◆ PROBLEM REQUIREMENTS: After locating the line with "Audio MP3 Editor 1.93. Скриншот 1" in the entries below, output it and each following line up to and including the line with "衣服裤子收纳盒家用抽屉式衣柜衣物分层神器学生宿舍储物筐整理箱", exactly and without pictures.

◆ PROVIDED DATA:
========================
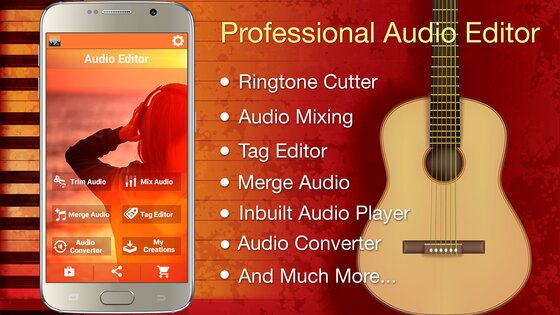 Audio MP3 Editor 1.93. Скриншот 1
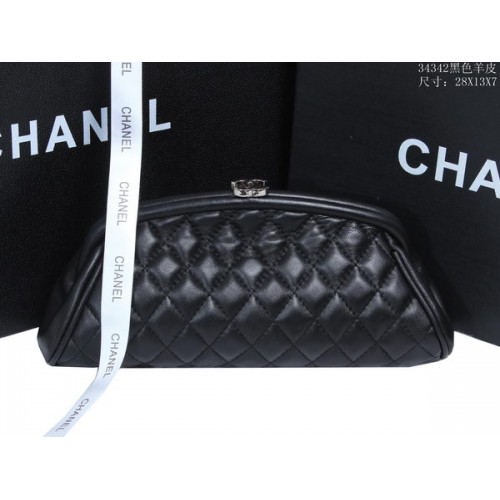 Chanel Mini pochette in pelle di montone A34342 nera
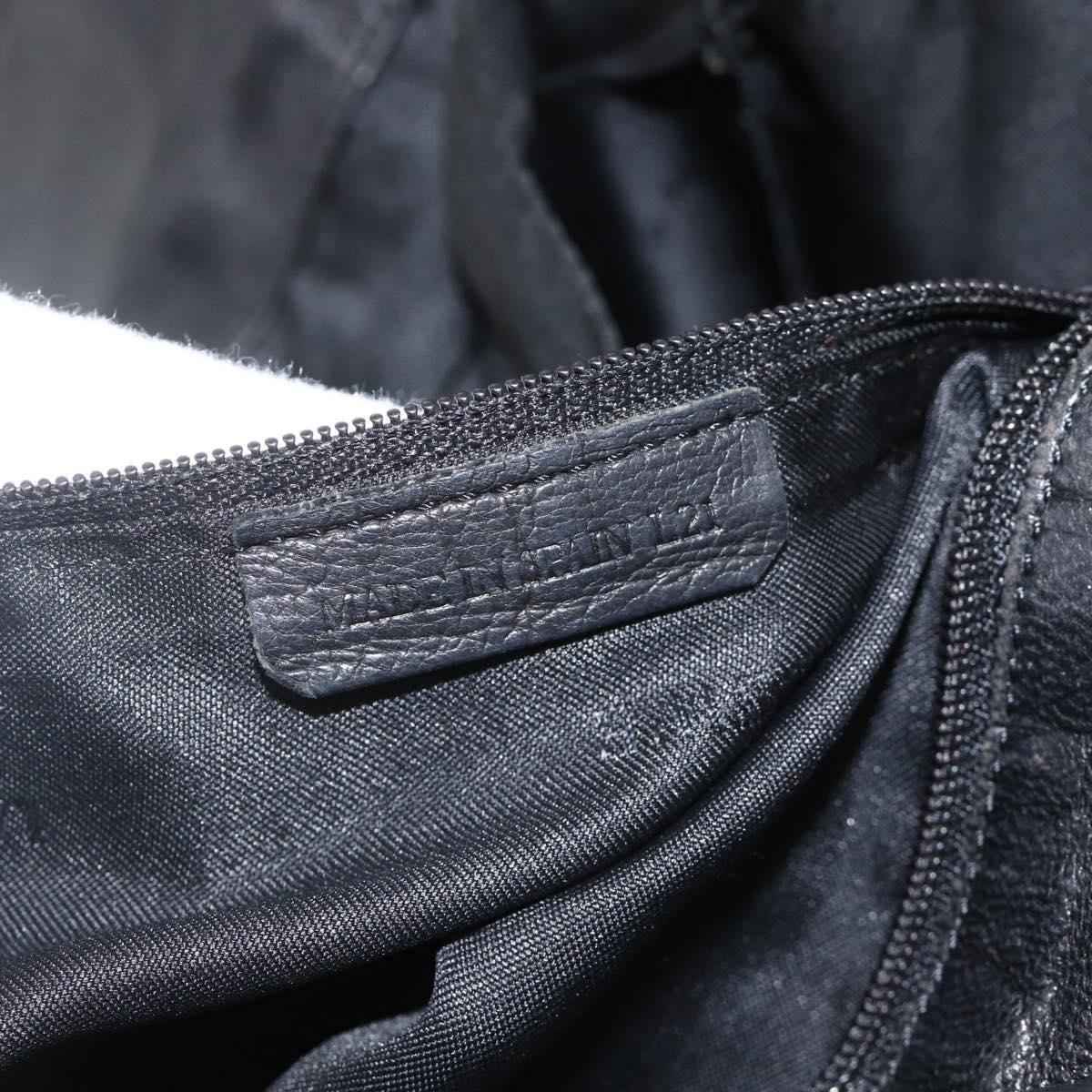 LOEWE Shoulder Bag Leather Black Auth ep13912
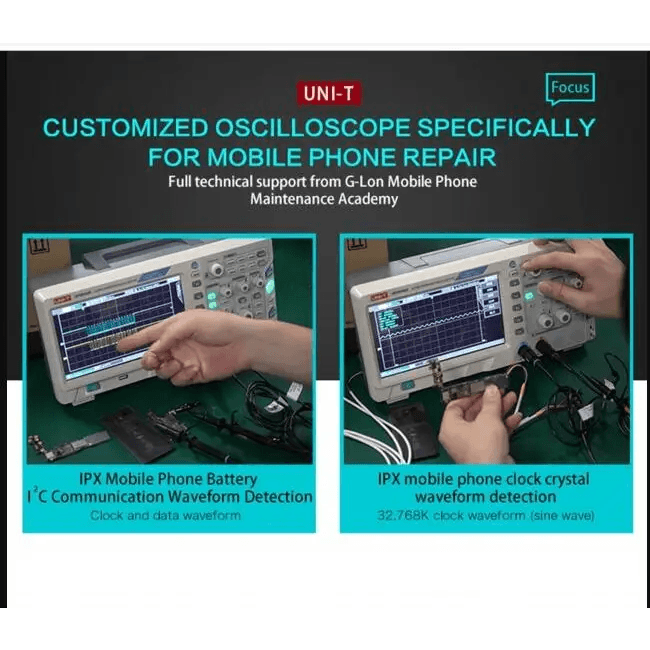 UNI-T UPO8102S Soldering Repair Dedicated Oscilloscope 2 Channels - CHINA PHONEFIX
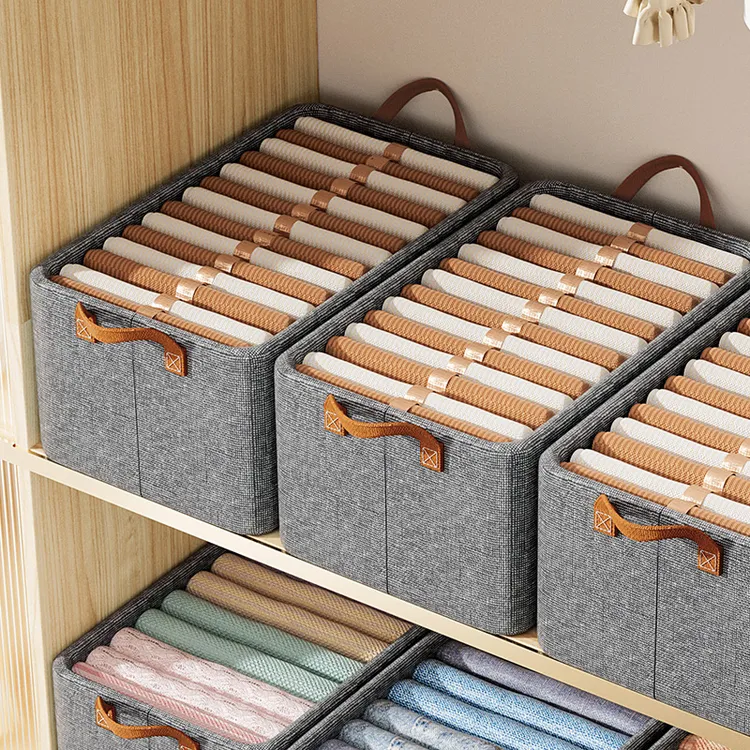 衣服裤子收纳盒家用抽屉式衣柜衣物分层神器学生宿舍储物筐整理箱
========================
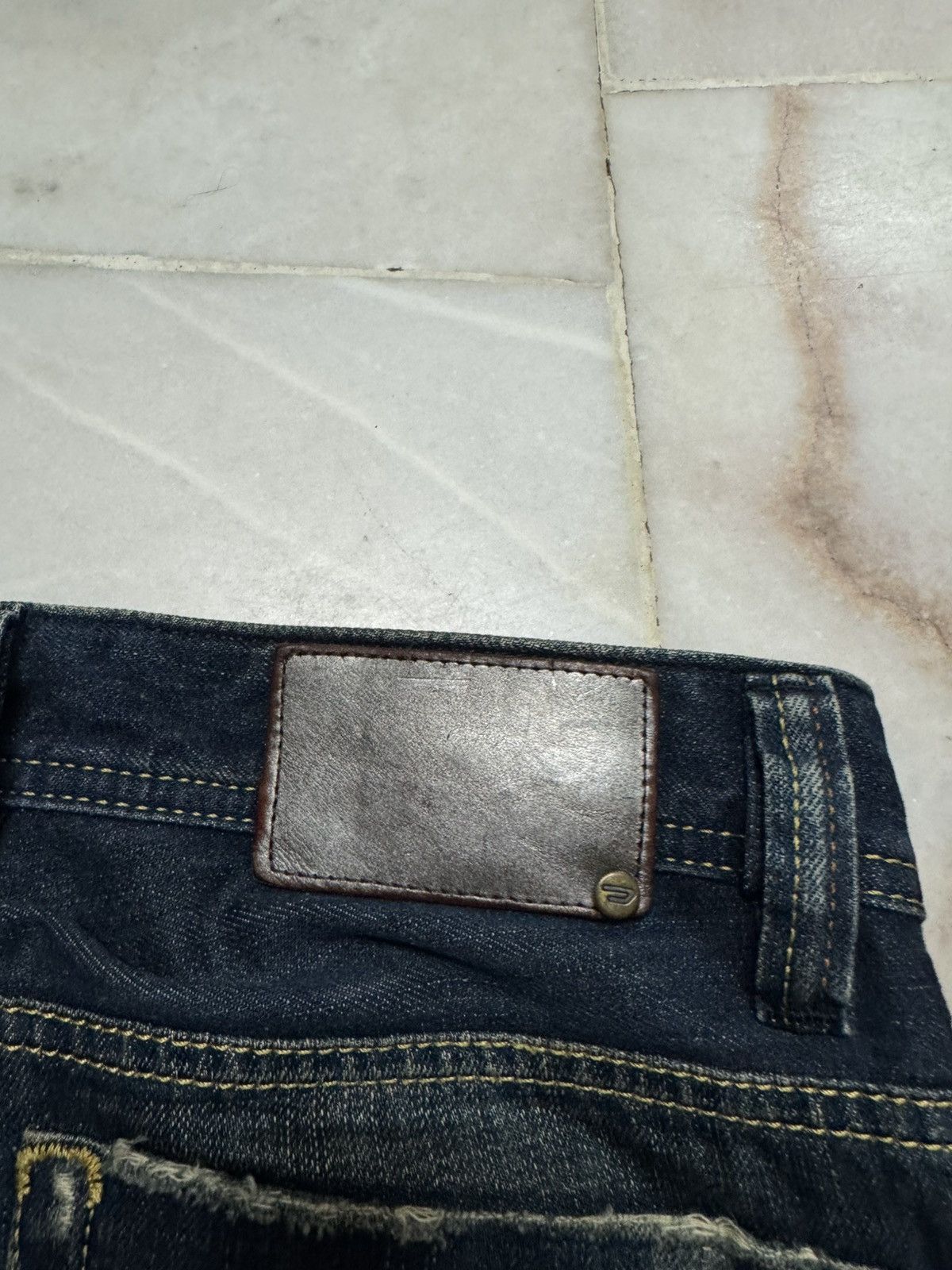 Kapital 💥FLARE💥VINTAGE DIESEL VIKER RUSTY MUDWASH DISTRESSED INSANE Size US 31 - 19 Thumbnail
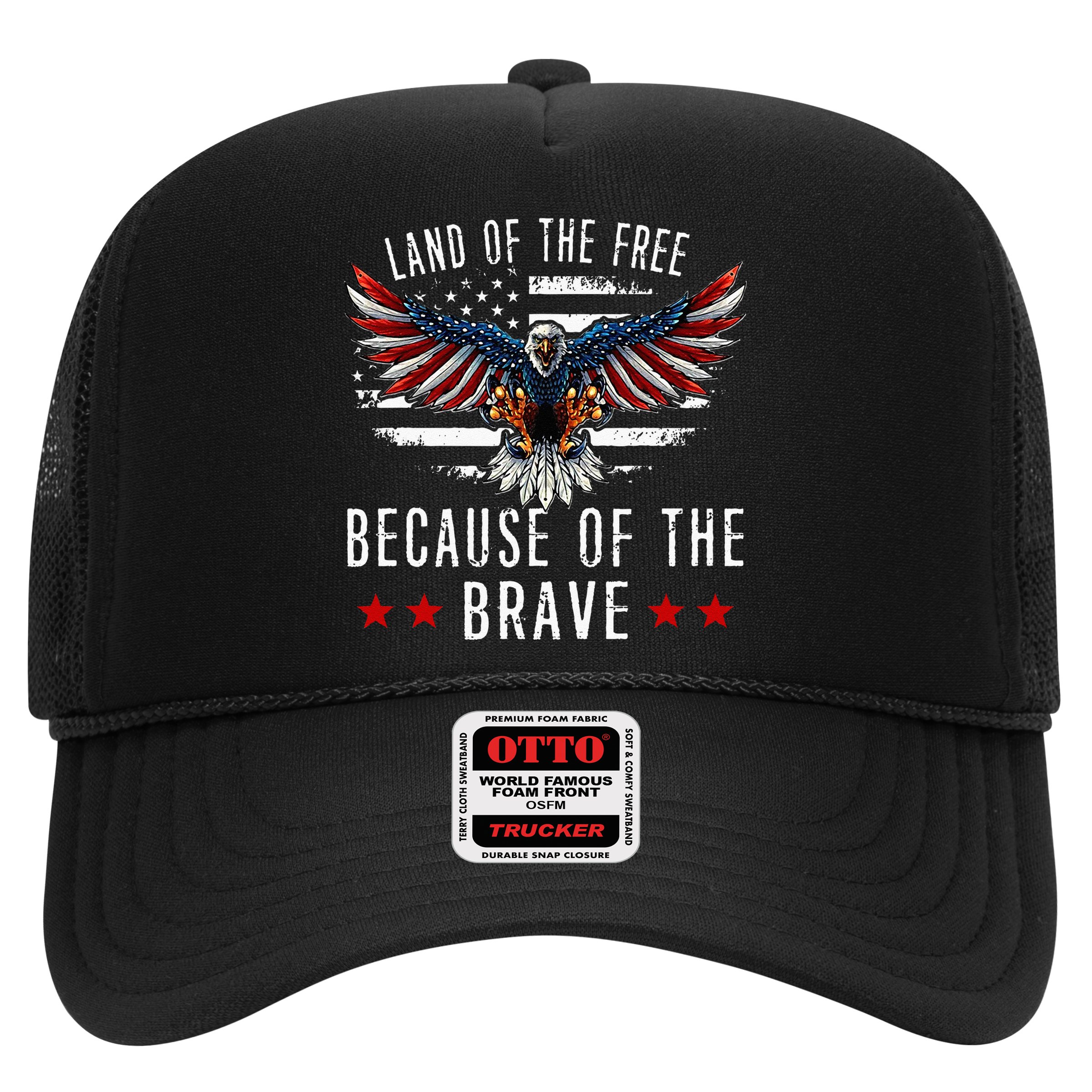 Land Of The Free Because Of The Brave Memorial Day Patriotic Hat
========================
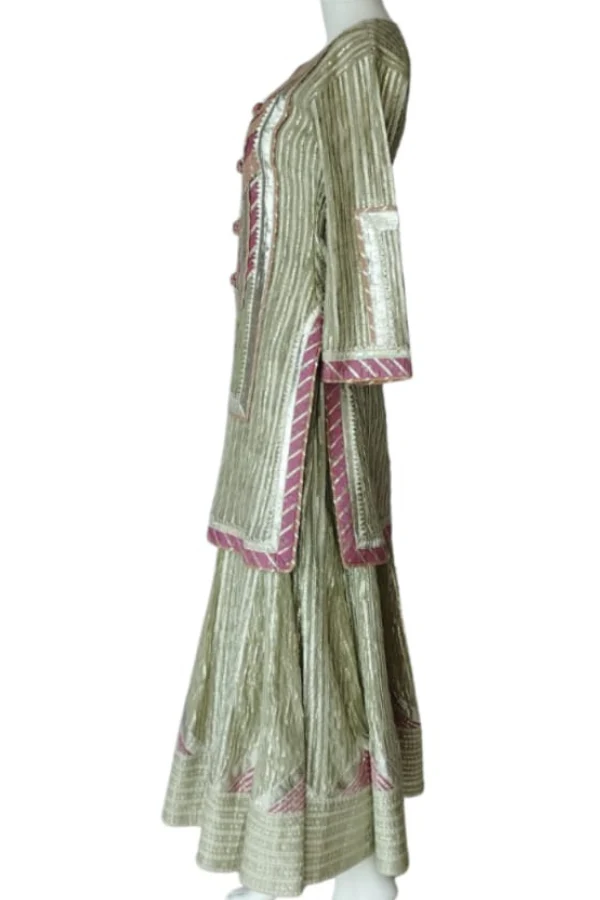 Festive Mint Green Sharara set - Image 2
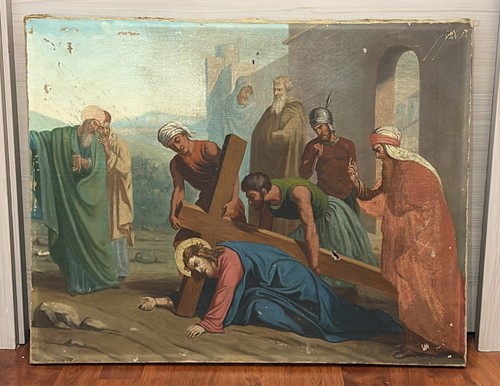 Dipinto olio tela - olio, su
========================
◆ RESULT OF THIS TASK:
 Audio MP3 Editor 1.93. Скриншот 1
 Chanel Mini pochette in pelle di montone A34342 nera
 LOEWE Shoulder Bag Leather Black Auth ep13912
 UNI-T UPO8102S Soldering Repair Dedicated Oscilloscope 2 Channels - CHINA PHONEFIX
 衣服裤子收纳盒家用抽屉式衣柜衣物分层神器学生宿舍储物筐整理箱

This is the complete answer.